自分の性癖ってなかなかあけっぴろげに人に話すことは難しいのだけれど、それは現実世界の話。
出会い系のハッピーメールやPCMAXなどを使うと、プロフィールにならぶたくさんの「嗜好」を見ることができる。
セックスしたい人が集まる場所には、必ずと言っていいほどそれに付随した性癖が並ぶのだ。
サイトに登録しているユーザーを眺めながら、そんなことを考えていた。
M男子との出会い
今まで自分はSなのかMなのかということを意識したことは無かった。
そういうプレイをしなくても十分に感じていたし、何度もイくセックスを継続的に行うことができていたからだ。
今までもSかMかを気にしたことは無かったし、きっとこれからも自分には関係の無いことだろう、なんて思っていたが、ある一人の男性に出会うことでその認識がガラッと変わることになる。
ある日、私のところに「ろうそくを垂らしながら言葉で攻め立ててほしい」というメールが来た。
プロフィールを見るとかなりのMらしく、「SMプレイじゃないと射精できません。でもSの方が射精するなと言うならしません」と書いてあった。
「私はSもMもわかっていないのでご希望に沿えるかわかりませんよ」と返信をしたが、すぐに
「初めてSになってもらって、新しい快感をおぼえて欲しいです。
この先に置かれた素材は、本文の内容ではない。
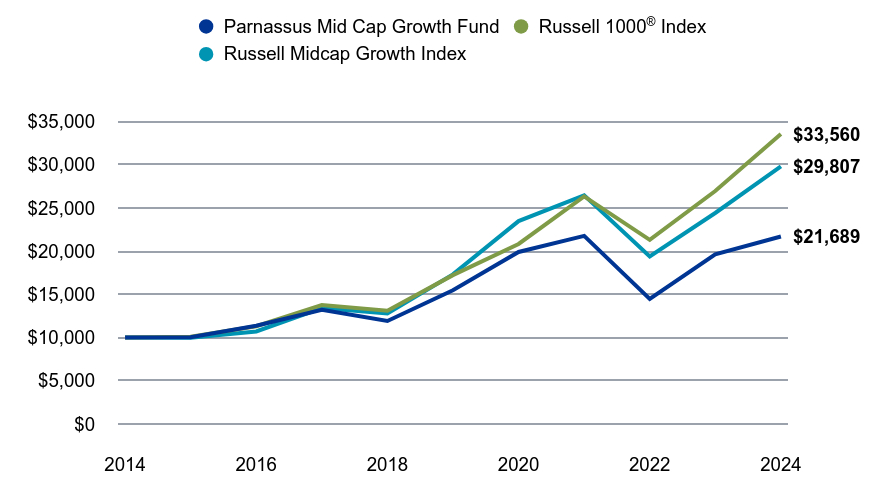 A line chart as described in the following paragraph.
不慣れでもかまいません」とメールが来た。
私の何かに惹かれてメールを送ってきたのかもしれない。
どんなことになるのかわからないまま、とにかくM男と会うことにした。
ごく普通の人
待ち合わせ場所に行く時、Mの男性っていったいどんな感じなんだろう、と考えていた。
痛いことや恥ずかしいことで喜ぶのなら、普段の服装なんかもMっぽい(?)感じなんだろうかと勝手な想像を膨らましていた。
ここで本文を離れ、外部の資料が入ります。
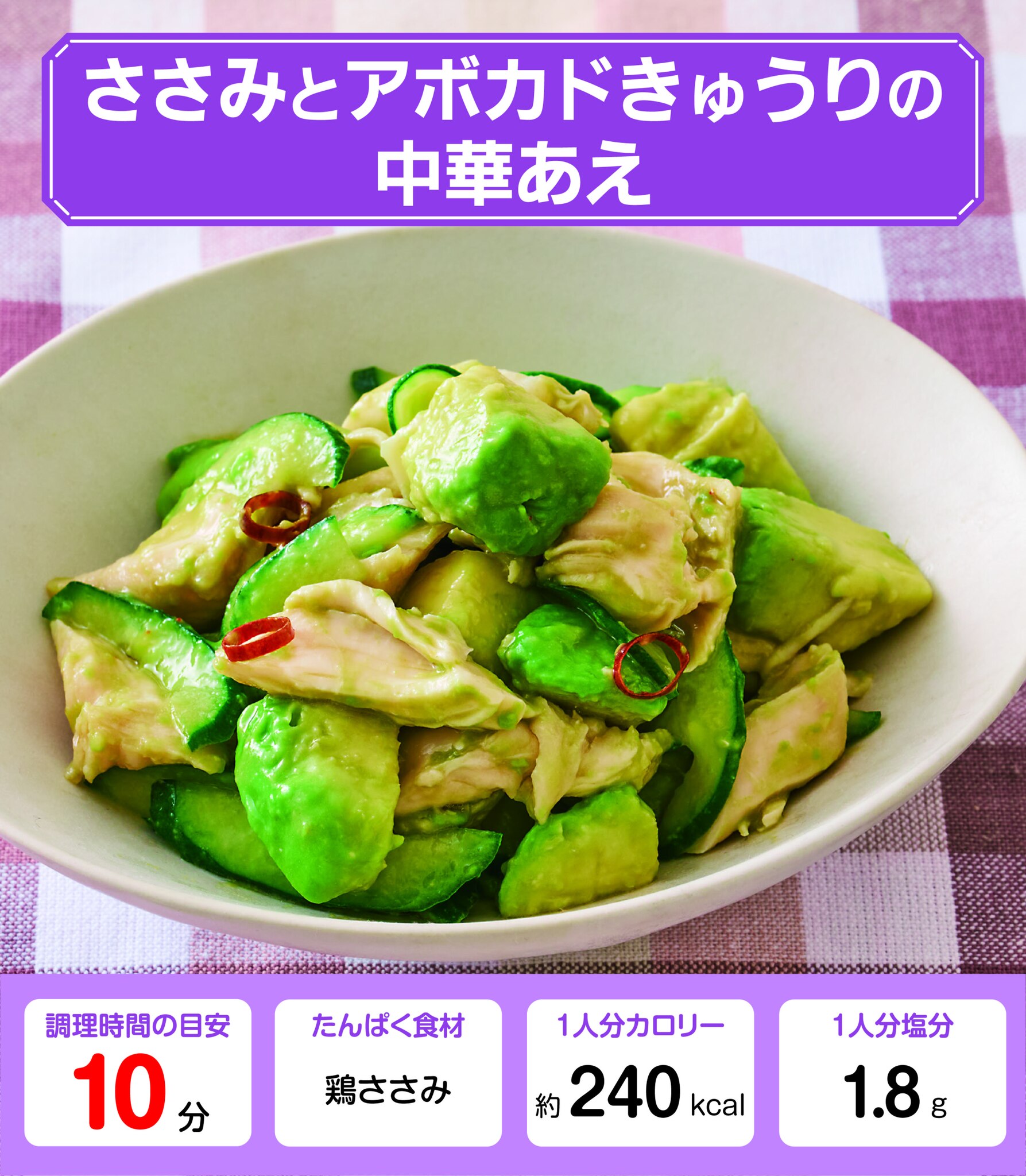 筋トレ飯 低カロリー高タンパクの王様！ ささみの酒蒸しのレシピDr.Ken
実際に会ってみると、色白でちょっと小太りの、同じくらいの年齢の男性だった。
もしかしたら強面の人が来るのかな…など、いろいろ考えていたところだったから少し安心をしたのを今も覚えている。
ホテルまでの道中も、普通の会話をしていた。
変態性を感じることもなく、この人は本当にMなんだろうか?などと思ったりしたが、それは杞憂だった。
踏んでください
ホテルの部屋に着くと、M男は土下座を始めた。
「どうか僕の顔を踏んでください、お願いします」と。
お願いされるのは好きなのだけれど、今回のお願いは正直かなり悩んだ。
人の顔を踏んだ経験など今まで全くなかったからである。
少し迷うような感じをしていたら、M男は「大丈夫です。踏まれて怒ることは決してないので。むしろ強く乱暴なほど興奮するし勃起してしまうんです…お願いします…」と。
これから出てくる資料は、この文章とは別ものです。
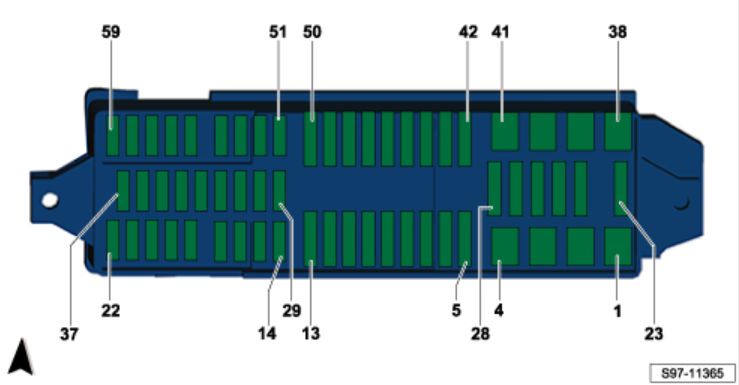2018 Skoda Fabia Cigarette lighter fuse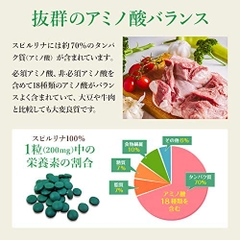 Tảo xoắn Spirulina 100% Nhật Bản - 2400 viên | JapanSport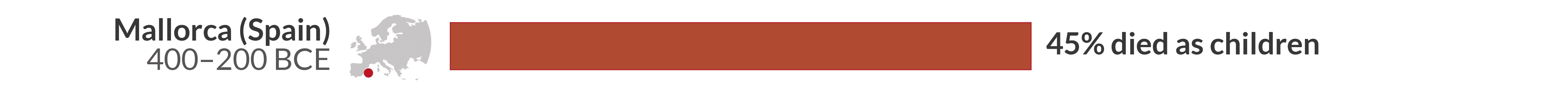 a white background with a red rectangle.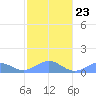 San Juan tide chart for Friday, January 23, 2026
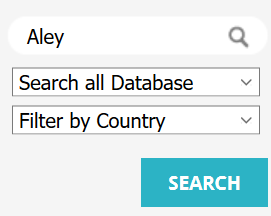 ACA example search of "all databases"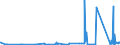 KN 84029000 /Exporte /Einheit = Preise (Euro/Tonne) /Partnerland: Liberia /Meldeland: Eur27_2020 /84029000:Teile von Dampfkesseln und Kesseln zum Erzeugen von Ã¼berhitztem Wasser, A.n.g.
まだ迷いの気持ちはあったが、「これは合意でするのだから大丈夫だ」と自分に言い聞かせて、Sとして
M男に接してみることにしたのだった。
進むSプレイ
まず、M男の顔を踏んでみる。
M男は喘ぎながら勃起させているので、ついでにちょっと強めに乳首をつねってみた。
更に喜びの声を上げて喘ぎ、身をよじらせている。
こ…これは…
ちょっと楽しいかもしれない…。
私は自分の中に潜在的にSっ気があることに少しずつ気付き始めた。
M男が喜んでいるところを見て「もっと踏みつけたい」という気持ちが芽生えてきたのが
証拠だ。
最初にM男の顔を踏んだ時は、靴を脱いで踏んだのだけれど、少し考えて靴を履いた。
今日は5センチのヒールを履いていたので、それで踏んでみようと思ったのだ。
ヒールでM男を踏みつけると、悲鳴に近いくらいの喘ぎ声をあげた。股間には全く触れていないのに
ギンギンに勃起して我慢汁がものすごいことになっている。
きっと股間に触れるとか、セックスをする、というよりは、こういうプレイで射精をしたいんだろう。
そう思って、体には触れずに靴で踏みつけ、お尻を平手打ちしてみたり、洗濯ばさみで乳首を挟んでみたりと、自分が考えてできるようなSプレイを続けてみた。
いろんなプレイを試してみる中で、M男の興奮も最高潮に達してきたようだ。
「射精したい…射精をさせてもらってもよろしいですか…」と、かすれ声で言うM男に
「まだだめ。我慢しなさい」というと「わかりました…」と言う。
自分の快感よりも、Sの命令は絶対なのだ。
欲望のままに射精することもできなくはないのに、Sからの指令を守ることが最優先で、それを守ることが快感にも繋がっている。
ものすごい世界だと思ったし、Sとして向き合っている自分にも万能感のような快感が生まれてきたこともすごいと思った。性の世界はまだまだ奥深い。
長くいろんなSプレイをして、最後はM男に射精するように言った。
「射精させていただきます…ッ」と言って出したそれは、ものすごく量と勢いがあるものだった。
一連のプレイが終わった後、M男がわたしに「Sの才能、かなりありますよ」と一言。
実際に私に会いたいと思ったのも、プロフィール欄から、どことなく漂う「S」の雰囲気を感じ取ったかららしい。
M男の持つ「嗅覚」は、かなり効くのではないかと思ったのだった。